-- Opening Marker --

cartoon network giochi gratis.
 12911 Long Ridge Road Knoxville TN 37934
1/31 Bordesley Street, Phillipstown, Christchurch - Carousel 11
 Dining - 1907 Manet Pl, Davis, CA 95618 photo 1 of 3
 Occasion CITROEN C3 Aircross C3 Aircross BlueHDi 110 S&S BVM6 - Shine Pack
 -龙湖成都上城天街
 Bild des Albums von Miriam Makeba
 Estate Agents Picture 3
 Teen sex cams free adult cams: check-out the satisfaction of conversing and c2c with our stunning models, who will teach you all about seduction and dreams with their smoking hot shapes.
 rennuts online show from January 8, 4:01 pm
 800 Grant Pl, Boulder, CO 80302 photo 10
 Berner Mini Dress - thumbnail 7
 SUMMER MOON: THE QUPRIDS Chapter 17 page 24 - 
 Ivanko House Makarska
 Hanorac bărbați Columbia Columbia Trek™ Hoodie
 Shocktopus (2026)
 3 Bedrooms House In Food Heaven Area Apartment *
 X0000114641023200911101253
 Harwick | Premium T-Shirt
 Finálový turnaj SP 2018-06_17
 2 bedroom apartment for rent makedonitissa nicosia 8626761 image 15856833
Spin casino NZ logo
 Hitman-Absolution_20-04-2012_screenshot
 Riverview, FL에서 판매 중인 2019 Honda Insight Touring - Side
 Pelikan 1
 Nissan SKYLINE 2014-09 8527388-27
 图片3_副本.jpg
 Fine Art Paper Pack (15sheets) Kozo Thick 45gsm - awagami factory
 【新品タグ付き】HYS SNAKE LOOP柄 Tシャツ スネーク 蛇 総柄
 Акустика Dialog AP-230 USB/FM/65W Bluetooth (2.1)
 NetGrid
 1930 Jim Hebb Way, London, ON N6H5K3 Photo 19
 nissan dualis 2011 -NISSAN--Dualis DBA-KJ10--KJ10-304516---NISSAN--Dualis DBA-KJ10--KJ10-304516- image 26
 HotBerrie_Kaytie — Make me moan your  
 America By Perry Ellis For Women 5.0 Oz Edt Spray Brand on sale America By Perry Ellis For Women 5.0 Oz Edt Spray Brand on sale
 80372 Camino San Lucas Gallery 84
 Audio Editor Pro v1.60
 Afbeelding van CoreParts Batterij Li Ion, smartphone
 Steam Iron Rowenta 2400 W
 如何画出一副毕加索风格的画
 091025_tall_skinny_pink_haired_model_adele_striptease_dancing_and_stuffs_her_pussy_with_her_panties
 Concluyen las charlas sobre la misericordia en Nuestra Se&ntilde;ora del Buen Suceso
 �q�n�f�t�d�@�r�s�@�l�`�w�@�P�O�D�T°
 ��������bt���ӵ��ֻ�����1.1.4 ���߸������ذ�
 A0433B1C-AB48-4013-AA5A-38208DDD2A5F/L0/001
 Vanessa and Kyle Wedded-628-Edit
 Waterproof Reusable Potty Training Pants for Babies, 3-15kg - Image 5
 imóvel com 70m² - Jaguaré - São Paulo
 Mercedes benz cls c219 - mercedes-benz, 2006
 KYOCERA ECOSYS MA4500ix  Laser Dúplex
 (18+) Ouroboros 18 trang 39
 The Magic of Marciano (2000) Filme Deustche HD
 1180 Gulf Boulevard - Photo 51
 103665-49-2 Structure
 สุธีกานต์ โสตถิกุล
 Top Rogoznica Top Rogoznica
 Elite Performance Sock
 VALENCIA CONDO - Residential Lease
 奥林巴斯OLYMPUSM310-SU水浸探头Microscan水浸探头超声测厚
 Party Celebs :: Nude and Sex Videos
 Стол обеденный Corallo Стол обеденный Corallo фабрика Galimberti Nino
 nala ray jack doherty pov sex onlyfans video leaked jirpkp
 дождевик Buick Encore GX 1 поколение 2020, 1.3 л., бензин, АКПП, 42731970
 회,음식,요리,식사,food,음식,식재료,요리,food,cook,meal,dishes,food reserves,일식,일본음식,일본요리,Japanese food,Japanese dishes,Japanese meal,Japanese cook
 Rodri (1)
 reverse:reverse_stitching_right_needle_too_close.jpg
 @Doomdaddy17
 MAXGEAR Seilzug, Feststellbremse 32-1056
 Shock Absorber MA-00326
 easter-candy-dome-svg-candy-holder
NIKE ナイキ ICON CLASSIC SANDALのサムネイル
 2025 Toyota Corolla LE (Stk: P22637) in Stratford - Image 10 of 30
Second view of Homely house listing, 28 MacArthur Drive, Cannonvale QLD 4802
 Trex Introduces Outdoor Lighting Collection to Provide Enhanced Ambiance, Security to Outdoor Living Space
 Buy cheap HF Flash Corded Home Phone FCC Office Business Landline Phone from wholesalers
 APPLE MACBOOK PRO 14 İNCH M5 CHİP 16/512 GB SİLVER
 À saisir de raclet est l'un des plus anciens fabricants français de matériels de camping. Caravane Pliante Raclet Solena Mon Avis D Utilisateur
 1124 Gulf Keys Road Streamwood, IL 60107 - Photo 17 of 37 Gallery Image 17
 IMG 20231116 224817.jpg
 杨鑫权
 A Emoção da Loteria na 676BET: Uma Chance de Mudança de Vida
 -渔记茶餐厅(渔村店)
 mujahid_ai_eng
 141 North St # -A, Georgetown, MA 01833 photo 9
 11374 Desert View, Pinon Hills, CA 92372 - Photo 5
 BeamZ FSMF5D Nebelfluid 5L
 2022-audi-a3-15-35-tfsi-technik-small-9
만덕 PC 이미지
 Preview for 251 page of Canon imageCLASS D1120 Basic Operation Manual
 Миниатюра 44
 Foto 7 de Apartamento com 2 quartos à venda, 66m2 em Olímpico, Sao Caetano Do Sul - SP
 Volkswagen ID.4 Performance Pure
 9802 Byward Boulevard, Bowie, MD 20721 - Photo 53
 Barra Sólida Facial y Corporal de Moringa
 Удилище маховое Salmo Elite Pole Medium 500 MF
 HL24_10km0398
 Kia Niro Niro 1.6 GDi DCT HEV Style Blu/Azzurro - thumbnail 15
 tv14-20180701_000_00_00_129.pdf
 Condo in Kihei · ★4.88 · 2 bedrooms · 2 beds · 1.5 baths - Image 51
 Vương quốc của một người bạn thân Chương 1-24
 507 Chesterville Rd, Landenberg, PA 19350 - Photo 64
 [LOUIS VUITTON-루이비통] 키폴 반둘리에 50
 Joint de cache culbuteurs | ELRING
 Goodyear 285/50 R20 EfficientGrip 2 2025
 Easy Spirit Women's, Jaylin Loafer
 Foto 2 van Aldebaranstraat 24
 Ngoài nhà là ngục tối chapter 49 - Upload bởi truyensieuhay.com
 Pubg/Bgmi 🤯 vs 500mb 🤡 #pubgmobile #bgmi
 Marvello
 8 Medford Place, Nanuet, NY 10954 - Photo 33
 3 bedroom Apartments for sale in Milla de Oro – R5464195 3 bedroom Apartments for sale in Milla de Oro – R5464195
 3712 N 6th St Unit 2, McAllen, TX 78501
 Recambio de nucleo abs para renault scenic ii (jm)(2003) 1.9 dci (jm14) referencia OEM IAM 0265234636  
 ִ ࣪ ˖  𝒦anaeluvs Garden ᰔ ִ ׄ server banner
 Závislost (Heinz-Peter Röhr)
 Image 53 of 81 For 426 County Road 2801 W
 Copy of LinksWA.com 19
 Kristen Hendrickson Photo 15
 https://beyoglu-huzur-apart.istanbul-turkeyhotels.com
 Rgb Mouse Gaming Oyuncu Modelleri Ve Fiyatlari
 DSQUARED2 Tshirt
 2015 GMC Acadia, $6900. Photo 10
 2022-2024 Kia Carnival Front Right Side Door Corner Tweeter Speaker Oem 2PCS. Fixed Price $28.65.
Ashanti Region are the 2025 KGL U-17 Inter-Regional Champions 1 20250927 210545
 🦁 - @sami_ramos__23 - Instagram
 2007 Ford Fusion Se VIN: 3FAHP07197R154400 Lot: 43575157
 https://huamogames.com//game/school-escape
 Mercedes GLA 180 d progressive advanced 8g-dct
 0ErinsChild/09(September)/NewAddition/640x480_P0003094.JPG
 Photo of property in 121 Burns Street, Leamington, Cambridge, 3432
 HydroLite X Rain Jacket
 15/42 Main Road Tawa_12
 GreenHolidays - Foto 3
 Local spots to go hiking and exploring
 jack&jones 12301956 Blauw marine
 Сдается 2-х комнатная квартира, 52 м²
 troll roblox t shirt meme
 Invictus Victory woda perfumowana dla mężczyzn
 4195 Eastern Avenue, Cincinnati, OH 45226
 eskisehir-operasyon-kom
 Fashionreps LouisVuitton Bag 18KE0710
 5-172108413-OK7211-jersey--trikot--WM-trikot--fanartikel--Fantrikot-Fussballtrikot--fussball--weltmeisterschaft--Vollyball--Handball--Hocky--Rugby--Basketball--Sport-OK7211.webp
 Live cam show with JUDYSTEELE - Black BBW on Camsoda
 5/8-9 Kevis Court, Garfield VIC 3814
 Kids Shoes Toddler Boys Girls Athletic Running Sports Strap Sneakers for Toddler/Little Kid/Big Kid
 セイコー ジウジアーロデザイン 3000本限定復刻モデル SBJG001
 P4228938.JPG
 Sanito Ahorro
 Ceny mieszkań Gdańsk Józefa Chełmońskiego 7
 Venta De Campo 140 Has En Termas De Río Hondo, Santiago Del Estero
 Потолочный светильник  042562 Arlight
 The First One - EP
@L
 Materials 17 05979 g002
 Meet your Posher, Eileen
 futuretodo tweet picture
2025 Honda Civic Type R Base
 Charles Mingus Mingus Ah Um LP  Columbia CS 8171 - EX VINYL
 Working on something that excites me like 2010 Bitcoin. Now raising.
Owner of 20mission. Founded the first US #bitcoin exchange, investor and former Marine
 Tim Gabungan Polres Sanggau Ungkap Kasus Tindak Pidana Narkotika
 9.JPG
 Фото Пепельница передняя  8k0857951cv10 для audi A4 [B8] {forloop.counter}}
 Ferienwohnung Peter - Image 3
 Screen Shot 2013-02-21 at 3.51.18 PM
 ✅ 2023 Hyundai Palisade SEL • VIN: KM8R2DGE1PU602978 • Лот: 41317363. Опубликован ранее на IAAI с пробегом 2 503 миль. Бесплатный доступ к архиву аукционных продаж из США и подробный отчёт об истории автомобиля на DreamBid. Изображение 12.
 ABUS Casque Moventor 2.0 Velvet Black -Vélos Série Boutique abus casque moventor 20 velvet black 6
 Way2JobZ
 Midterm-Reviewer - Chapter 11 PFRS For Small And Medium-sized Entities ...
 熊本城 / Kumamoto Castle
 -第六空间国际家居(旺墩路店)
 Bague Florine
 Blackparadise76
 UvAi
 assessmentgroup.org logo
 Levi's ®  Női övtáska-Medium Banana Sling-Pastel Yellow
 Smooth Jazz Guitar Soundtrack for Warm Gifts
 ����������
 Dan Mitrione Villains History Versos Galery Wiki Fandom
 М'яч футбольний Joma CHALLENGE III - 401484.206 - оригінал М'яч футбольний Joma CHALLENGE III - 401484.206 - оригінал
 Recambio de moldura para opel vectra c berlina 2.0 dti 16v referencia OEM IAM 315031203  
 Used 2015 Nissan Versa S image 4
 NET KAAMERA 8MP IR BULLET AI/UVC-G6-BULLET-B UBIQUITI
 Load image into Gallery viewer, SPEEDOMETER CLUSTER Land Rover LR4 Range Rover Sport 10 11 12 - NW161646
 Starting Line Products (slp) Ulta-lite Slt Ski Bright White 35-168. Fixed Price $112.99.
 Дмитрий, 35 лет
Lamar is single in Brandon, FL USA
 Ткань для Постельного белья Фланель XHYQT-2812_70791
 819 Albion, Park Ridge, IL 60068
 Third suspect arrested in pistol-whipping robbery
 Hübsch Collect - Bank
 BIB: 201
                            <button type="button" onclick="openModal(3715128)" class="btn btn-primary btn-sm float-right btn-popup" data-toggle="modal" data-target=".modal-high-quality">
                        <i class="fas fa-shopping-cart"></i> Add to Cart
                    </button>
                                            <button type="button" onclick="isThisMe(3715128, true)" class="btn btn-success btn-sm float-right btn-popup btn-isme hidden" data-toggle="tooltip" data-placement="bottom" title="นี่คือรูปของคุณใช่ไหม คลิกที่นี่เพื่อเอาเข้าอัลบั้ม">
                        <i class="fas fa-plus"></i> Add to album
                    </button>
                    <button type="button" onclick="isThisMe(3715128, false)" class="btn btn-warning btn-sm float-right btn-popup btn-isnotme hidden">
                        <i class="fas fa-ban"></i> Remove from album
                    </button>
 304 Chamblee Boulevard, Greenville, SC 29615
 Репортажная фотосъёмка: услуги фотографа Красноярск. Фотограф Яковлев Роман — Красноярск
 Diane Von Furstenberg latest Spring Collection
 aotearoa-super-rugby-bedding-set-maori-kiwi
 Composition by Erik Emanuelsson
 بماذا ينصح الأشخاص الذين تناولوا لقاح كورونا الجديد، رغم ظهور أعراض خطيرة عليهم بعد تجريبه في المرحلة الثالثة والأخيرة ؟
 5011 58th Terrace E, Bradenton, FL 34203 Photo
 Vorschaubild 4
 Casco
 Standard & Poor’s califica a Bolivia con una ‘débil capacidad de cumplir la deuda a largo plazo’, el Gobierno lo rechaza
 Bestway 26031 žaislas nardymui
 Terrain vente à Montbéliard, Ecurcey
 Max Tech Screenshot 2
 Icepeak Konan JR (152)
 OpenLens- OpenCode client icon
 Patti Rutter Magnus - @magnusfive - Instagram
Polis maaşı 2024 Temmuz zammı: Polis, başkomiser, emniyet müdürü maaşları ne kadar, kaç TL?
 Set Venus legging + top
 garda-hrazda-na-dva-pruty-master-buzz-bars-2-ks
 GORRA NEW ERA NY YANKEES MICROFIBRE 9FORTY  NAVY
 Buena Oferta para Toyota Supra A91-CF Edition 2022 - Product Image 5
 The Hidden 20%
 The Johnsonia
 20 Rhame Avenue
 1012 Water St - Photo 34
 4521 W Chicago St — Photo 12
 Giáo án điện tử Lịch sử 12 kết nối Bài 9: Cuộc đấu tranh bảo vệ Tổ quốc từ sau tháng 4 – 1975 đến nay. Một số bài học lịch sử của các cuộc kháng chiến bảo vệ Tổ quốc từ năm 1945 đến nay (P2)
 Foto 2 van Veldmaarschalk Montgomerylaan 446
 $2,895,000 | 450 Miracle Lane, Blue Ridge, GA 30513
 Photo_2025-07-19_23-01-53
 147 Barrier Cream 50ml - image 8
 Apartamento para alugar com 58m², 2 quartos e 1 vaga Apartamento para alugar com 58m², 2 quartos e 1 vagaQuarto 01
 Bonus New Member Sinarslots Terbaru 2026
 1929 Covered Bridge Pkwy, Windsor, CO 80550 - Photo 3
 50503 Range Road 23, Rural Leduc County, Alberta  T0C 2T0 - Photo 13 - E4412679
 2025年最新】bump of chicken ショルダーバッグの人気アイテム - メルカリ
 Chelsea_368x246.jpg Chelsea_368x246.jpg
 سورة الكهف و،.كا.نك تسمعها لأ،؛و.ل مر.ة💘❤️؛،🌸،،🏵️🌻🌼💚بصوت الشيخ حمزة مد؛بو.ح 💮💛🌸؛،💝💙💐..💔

-- Closing Marker --

Every line above from the line with "[LOUIS VUITTON-루이비통] 키폴 반둘리에 50" to the line with "8 Medford Place, Nanuet, NY 10954 - Photo 33", inclusive, must be returned exactly; no other line belongs in the reply.

**Solution:**
 [LOUIS VUITTON-루이비통] 키폴 반둘리에 50
 Joint de cache culbuteurs | ELRING
 Goodyear 285/50 R20 EfficientGrip 2 2025
 Easy Spirit Women's, Jaylin Loafer
 Foto 2 van Aldebaranstraat 24
 Ngoài nhà là ngục tối chapter 49 - Upload bởi truyensieuhay.com
 Pubg/Bgmi 🤯 vs 500mb 🤡 #pubgmobile #bgmi
 Marvello
 8 Medford Place, Nanuet, NY 10954 - Photo 33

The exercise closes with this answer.